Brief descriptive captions
§ §

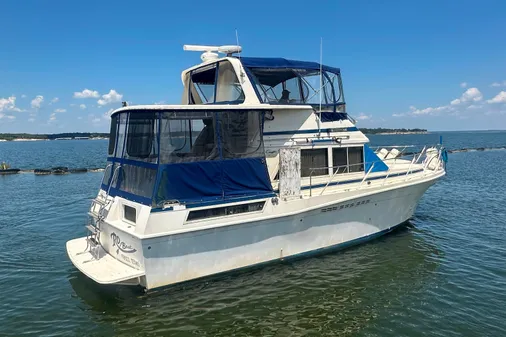 Chris-Craft 426 Catalina image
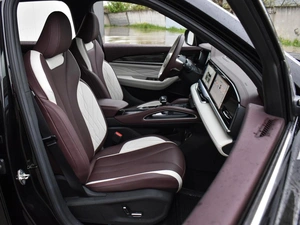 Внедорожник Geely Monjaro 2023 года, 3195000 рублей, Краснодар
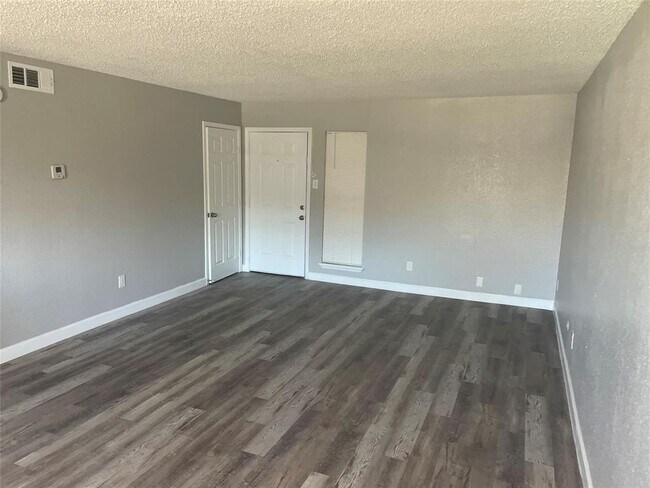 Foto del edificio - 10518 Heizer Dr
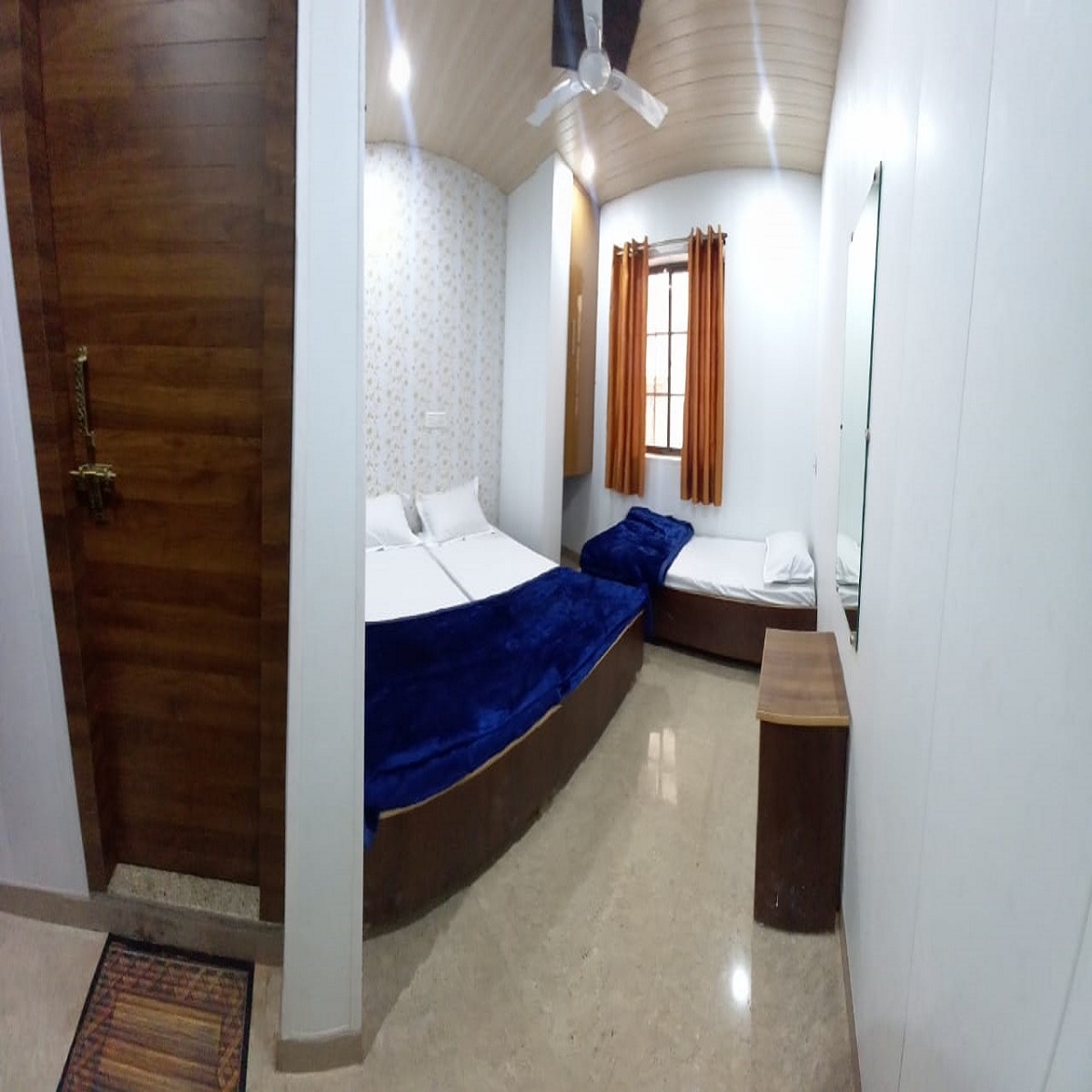 Hotel Shiv Ganga, Varanasi - Tap to explore photos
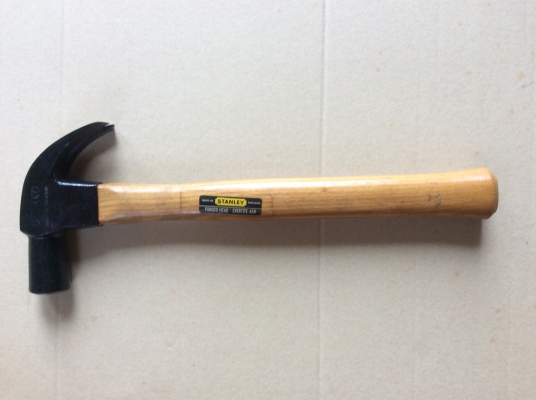 ขายค้อนหงอน STANLEY 16 OZ. MADE IN ENGLAND.. ด้ามไม้ ใหม่เก่าเก็บ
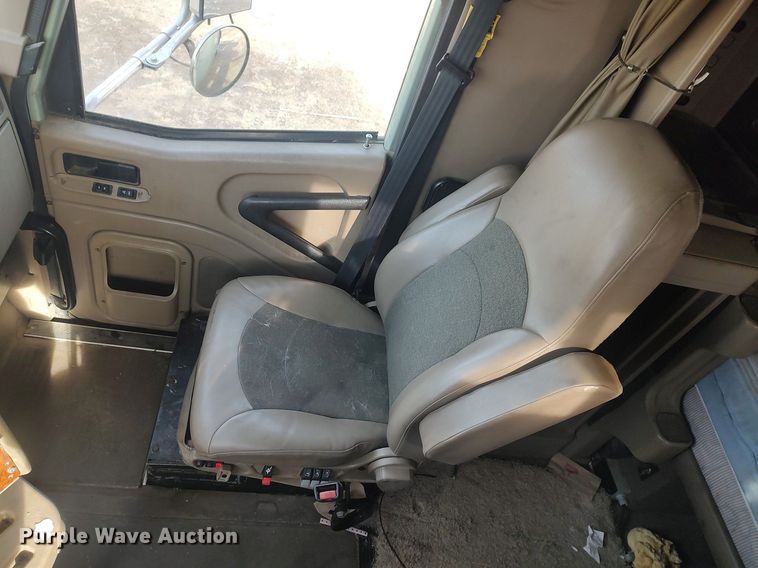 image for item MM9947 2007 International 9400  semi truck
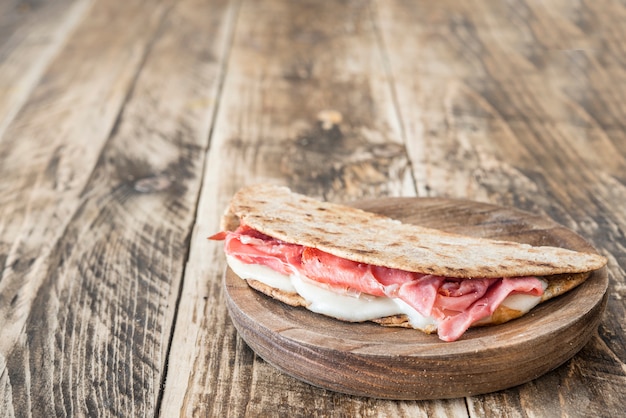 Piadina cuisine italienne typique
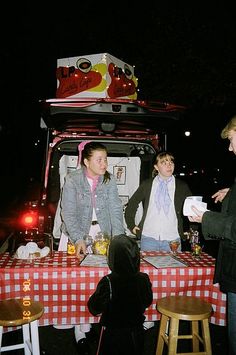 16 ways to decorate your car for trunk or treat tip junkie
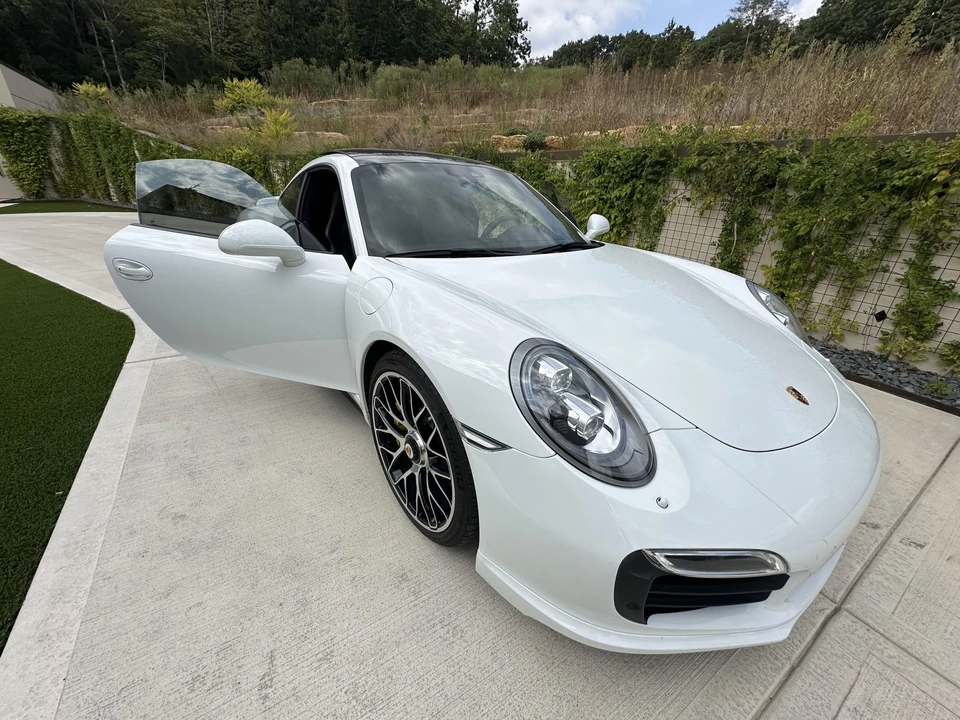 2014 Porsche 991 Turbo - Image 27 of 31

§ §

→ Task description:
Every entry must be reproduced exactly, with the images left out.

→ Task solution:
 Chris-Craft 426 Catalina image
 Внедорожник Geely Monjaro 2023 года, 3195000 рублей, Краснодар
 Foto del edificio - 10518 Heizer Dr
 Hotel Shiv Ganga, Varanasi - Tap to explore photos
 ขายค้อนหงอน STANLEY 16 OZ. MADE IN ENGLAND.. ด้ามไม้ ใหม่เก่าเก็บ
 image for item MM9947 2007 International 9400  semi truck
 Piadina cuisine italienne typique
 16 ways to decorate your car for trunk or treat tip junkie
 2014 Porsche 991 Turbo - Image 27 of 31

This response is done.